Former Massachusetts governor and 2012 GOP presidential nominee Mitt Romney has a significant lead among a large pack of potential 2016 contenders in the all-important primary state of South Carolina, a new poll has found.
According to a
Townhall/Gravis poll of 831 likely GOP and independent voters conducted Jan. 21-22, Romney gets 20 percent support, while former Florida Gov. Jeb Bush comes in second at 16 percent.
Wisconsin Gov. Scott Walker, who wowed the grassroots at the
Iowa Freedom Summit last weekend, came in third place with 9 percent.
Seven other candidates who were polled all came under 10 percent as well: former Arkansas Gov. Mike Huckabee, 8 percent; Texas Sen. Ted Cruz, 8 percent; Kentucky Sen. Rand Paul, 7 percent; Florida Sen. Marco Rubio, 7 percent; New Jersey Gov. Chris Christie, 5 percent; former Pennsylvania Sen. Rick Santorum, 4 percent; former Texas Gov. Rick Perry, 4 percent.
In the 2012 South Carolina GOP primary, former House Speaker Newt Gingrich won with 40 percent, trumping Romney's 28 percent, and Santorum was third at 17 percent.
"Although Gingrich won, Romney was the eventual nominee — as that race was constantly changing leaders, but Romney was consistently near the top as his rivals rose and fell," said Doug Kaplan, managing partner of Gravis Marketing, the Florida-based company that conducted the poll, in a statement.

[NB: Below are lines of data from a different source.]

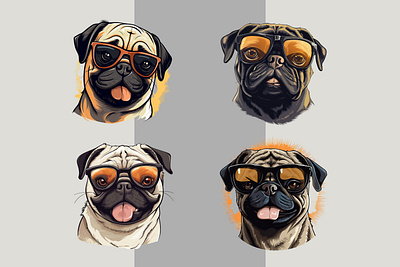 Pug Dog Face animal branding design dog editable elegant graphic design illustration logo minimal modern pug simple
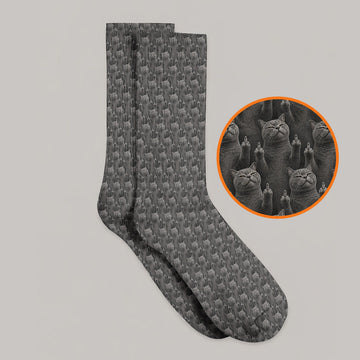 Cat Pattern Golf Socks, Funny Cats Golf Crew Sock, Cat Lover Golf Shirts
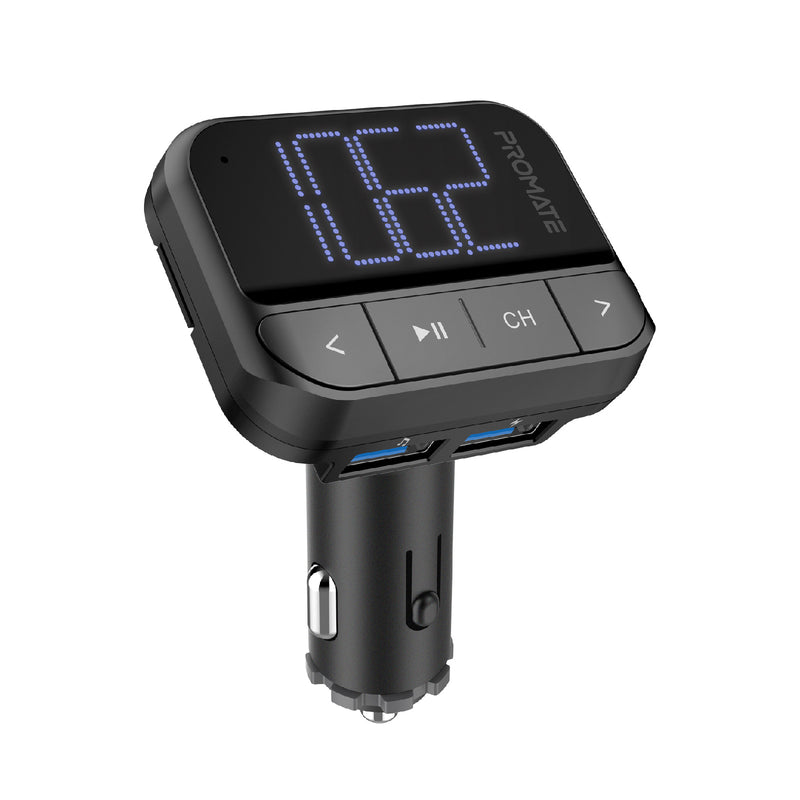 Promate Technologies - In-Car FM Transmitter with Dual USB Ports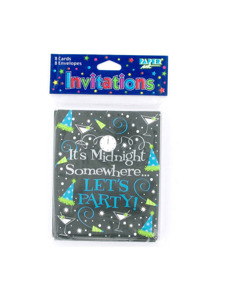 new years lets party 8 count invitations/envelopes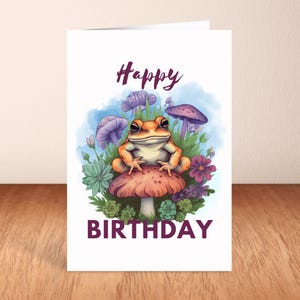 Carte de joyeux anniversaire grenouille, carte de voeux, grenouille, champignon.
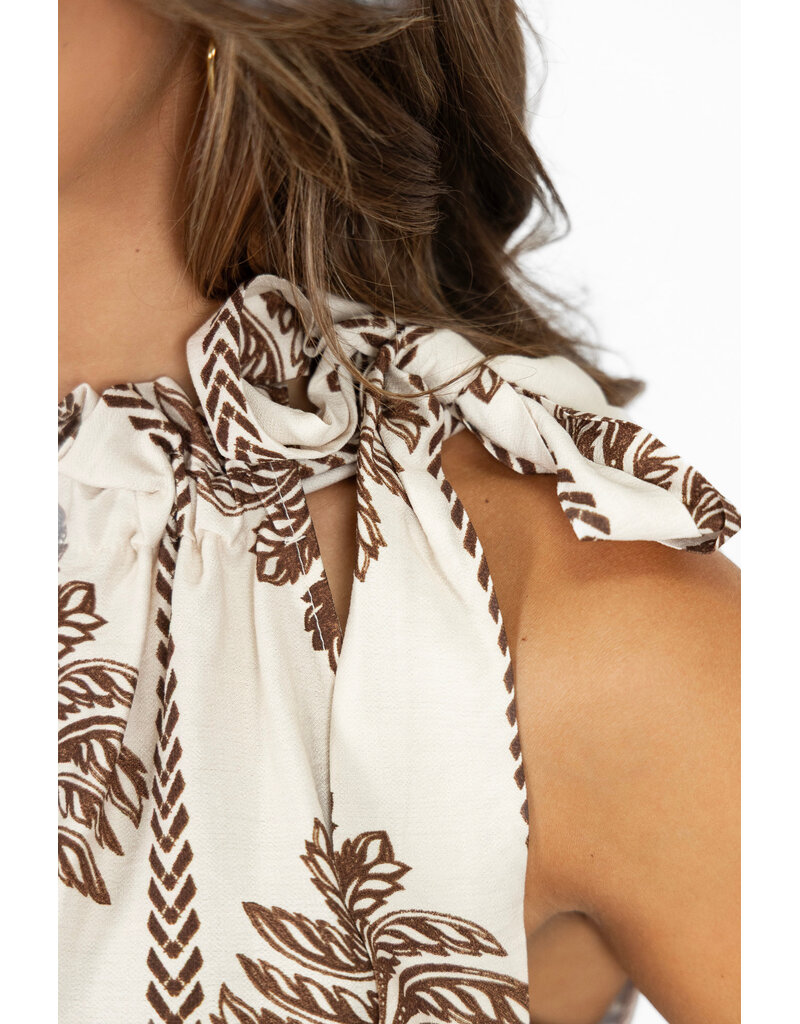21Jewelz Mouwloze top met strik & palmboomprint - ecru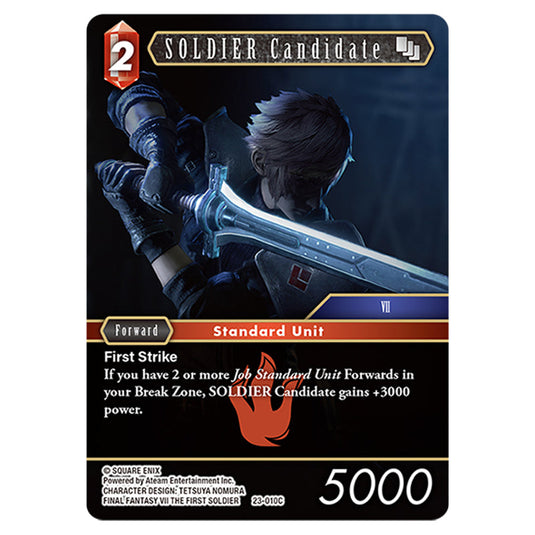 This is the SOLDIER Candidate card from Final Fantasy - Hidden Trials.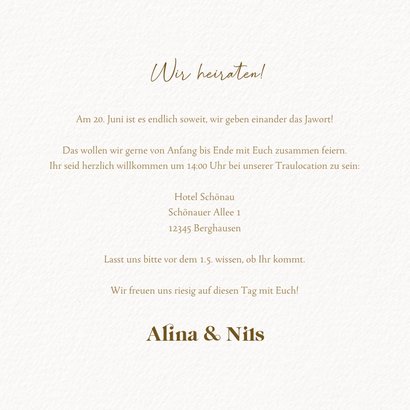 Hochzeitseinladung Gold & Eukalyptuskranz 3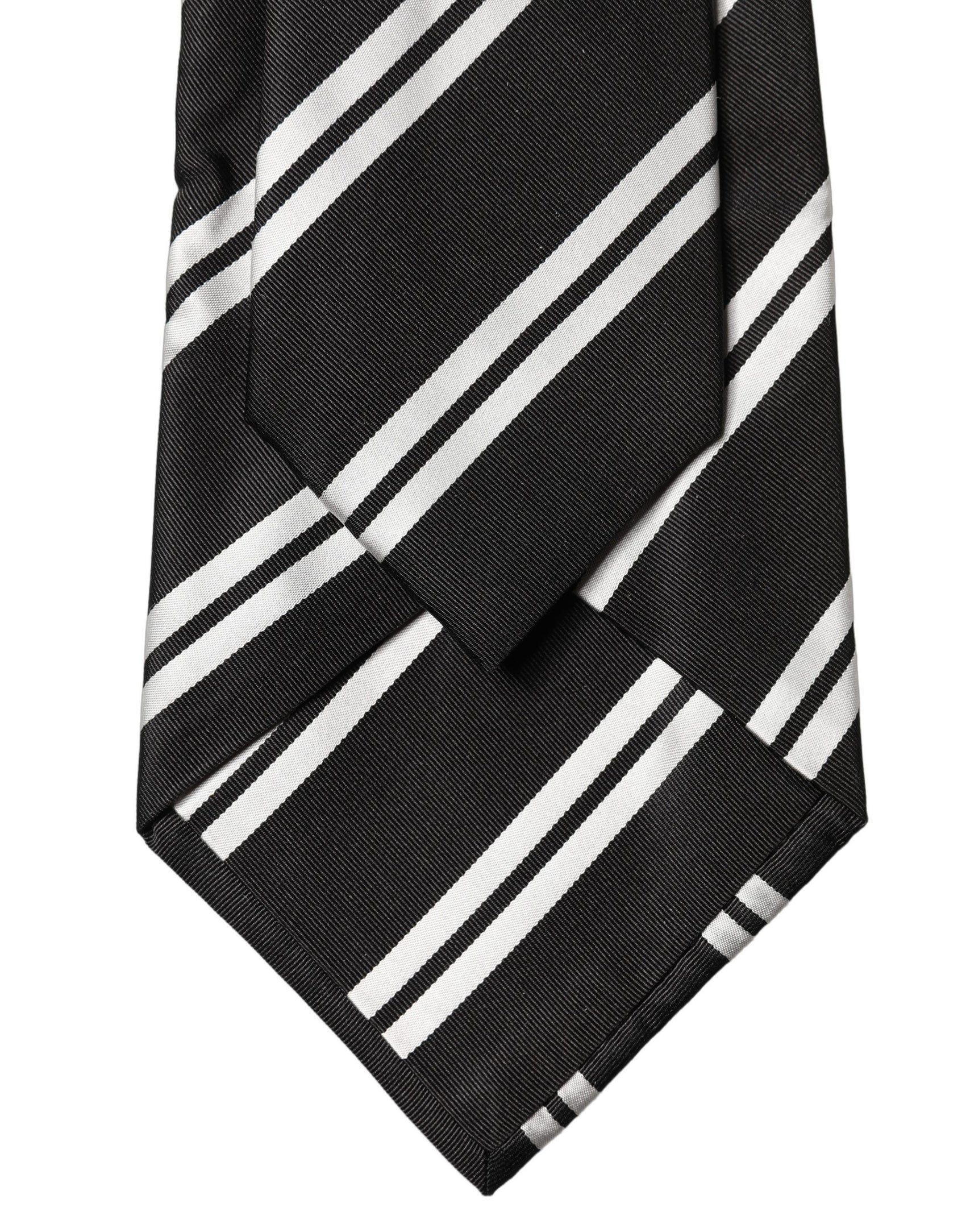 Dolce & Gabbana Dark Gray White Stripes Silk Adjustable Women Necktie Tie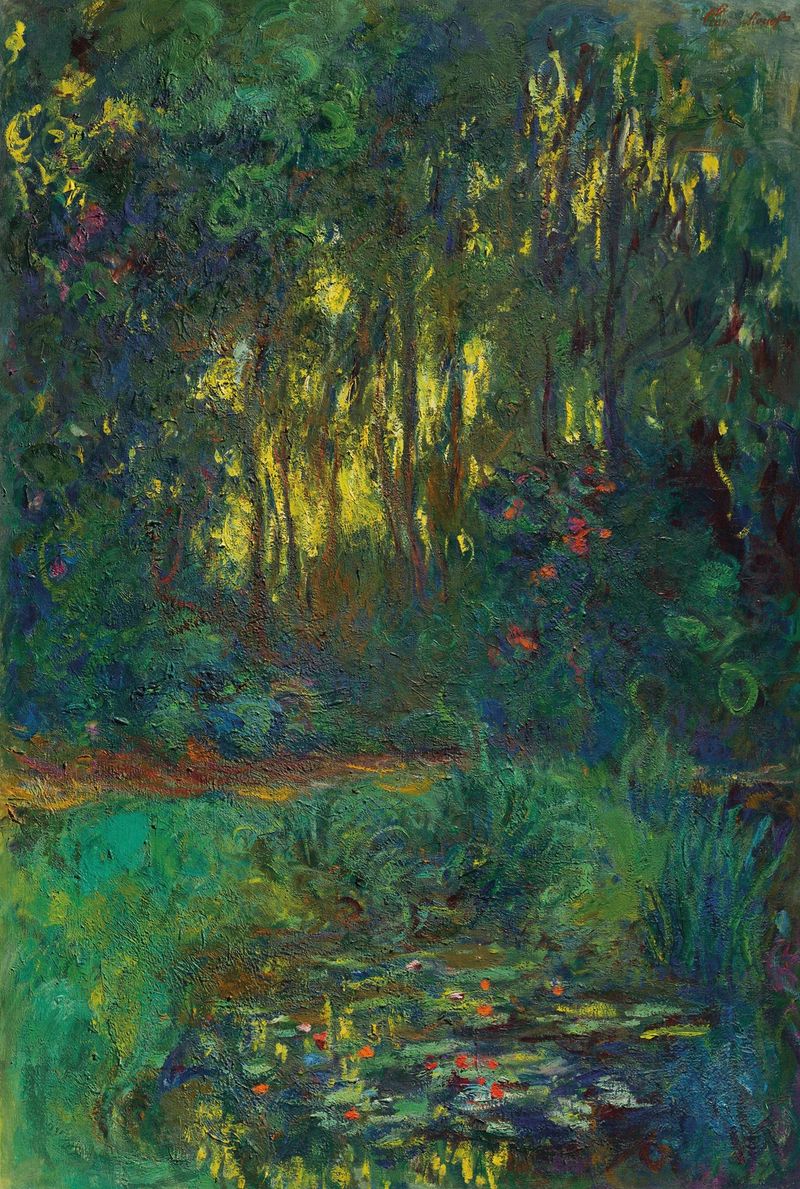 Coin du bassin aux nymphéas de Claude Monet, óleo sobre lienzo que muestra nenúfares y reflejos.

"Despite having 10 choices, 12 percent of the people we surveyed told us they were undecided," Kaplan added.
"One complication is the on-again-off-again nature of the Romney campaign," he said. "There is a strong chance that he will not run, especially given the nature of his wife's health, so we ran a second poll without Romney."
In the poll without Romney, Bush took the lead with 18 percent, while Huckabee and Walker both got 11 percent.